About this exercise => Where a line contains "exoticcute online show from 11/30/25, 03:27", begin there and restate word for word every line to the end of the entries below, pictures excluded.

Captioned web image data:
──────────────────────────────
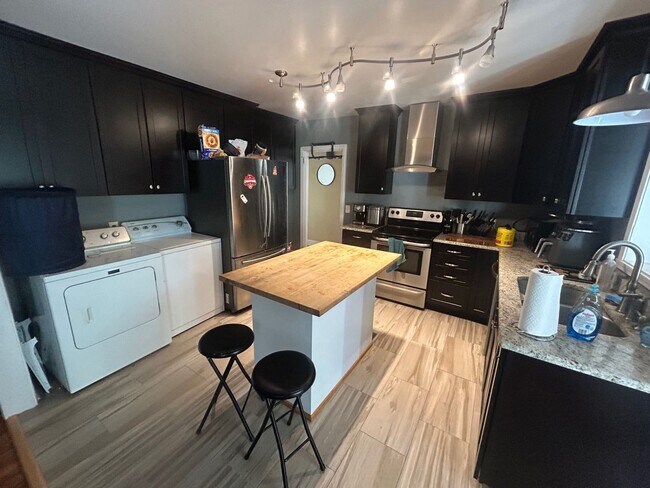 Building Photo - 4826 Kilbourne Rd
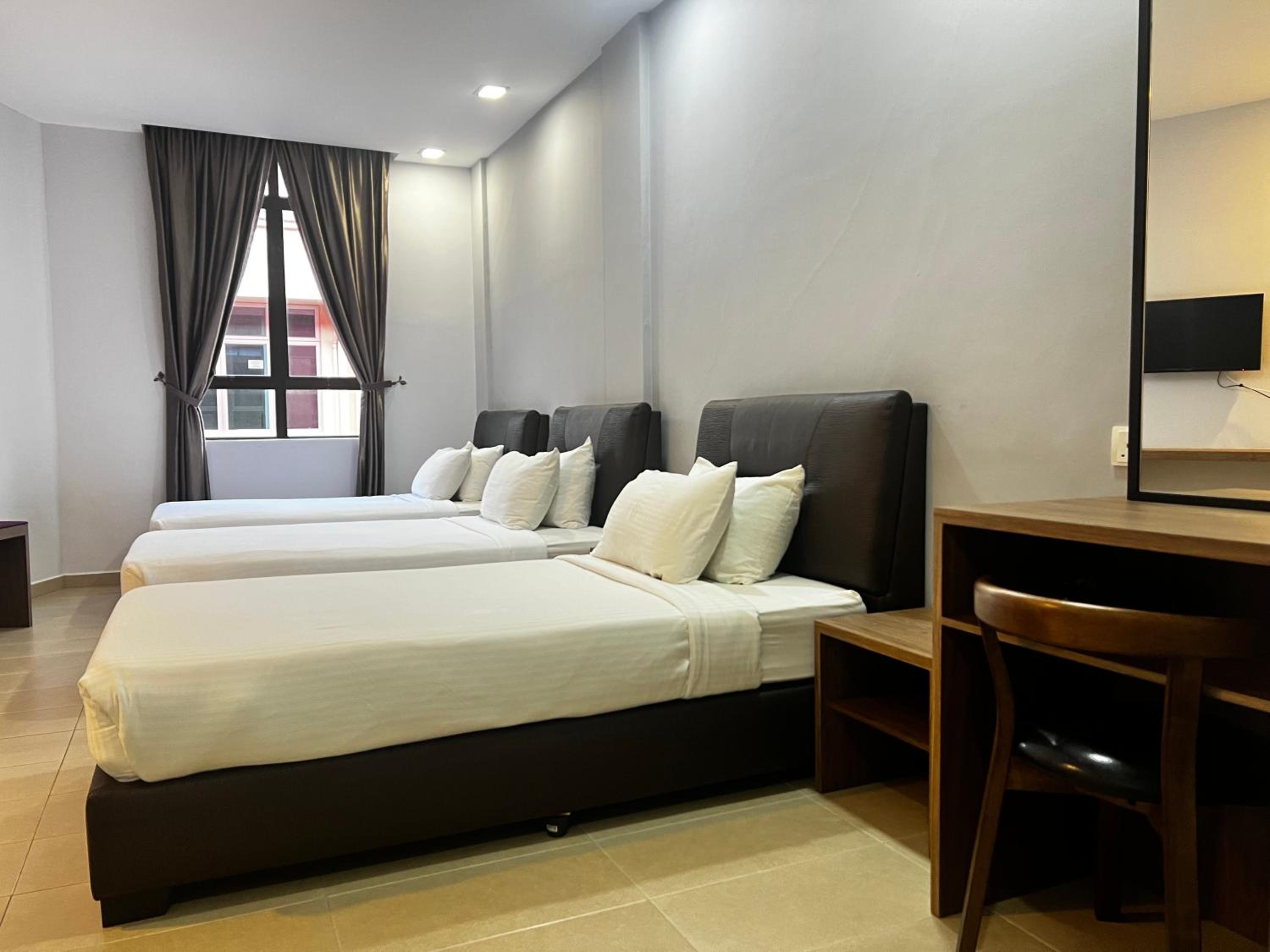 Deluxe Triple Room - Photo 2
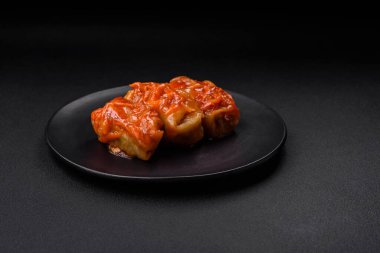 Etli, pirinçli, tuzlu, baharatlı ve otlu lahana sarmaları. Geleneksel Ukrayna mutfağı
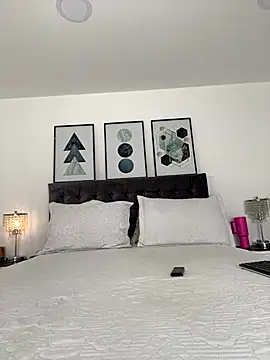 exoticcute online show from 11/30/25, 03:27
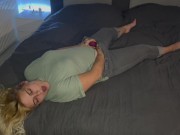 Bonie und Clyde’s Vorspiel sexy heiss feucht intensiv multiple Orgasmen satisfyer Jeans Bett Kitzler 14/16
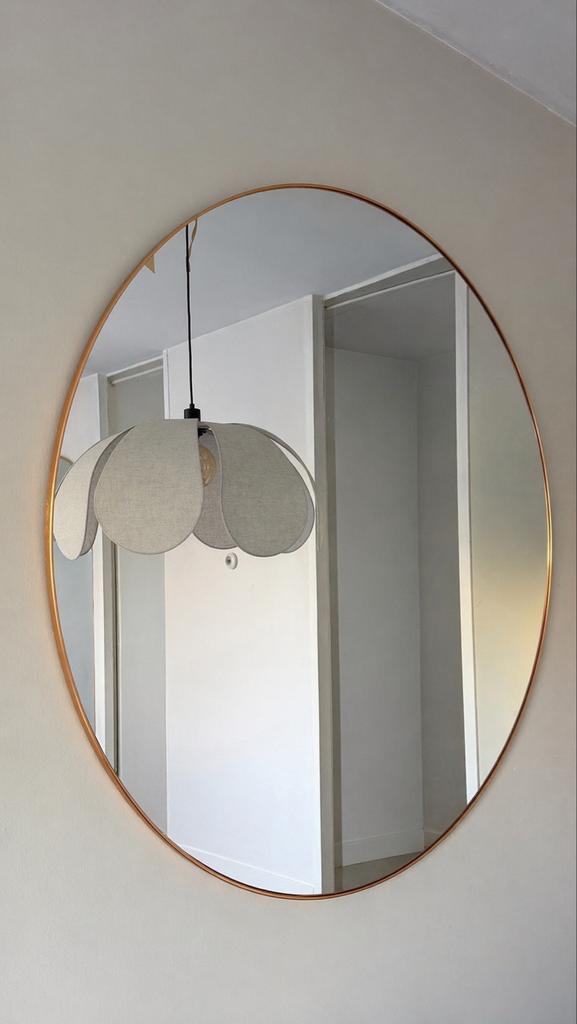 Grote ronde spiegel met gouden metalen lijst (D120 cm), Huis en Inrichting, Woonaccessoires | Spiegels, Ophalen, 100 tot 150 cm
──────────────────────────────
Solution to the exercise =>
 exoticcute online show from 11/30/25, 03:27
 Bonie und Clyde’s Vorspiel sexy heiss feucht intensiv multiple Orgasmen satisfyer Jeans Bett Kitzler 14/16
 Grote ronde spiegel met gouden metalen lijst (D120 cm), Huis en Inrichting, Woonaccessoires | Spiegels, Ophalen, 100 tot 150 cm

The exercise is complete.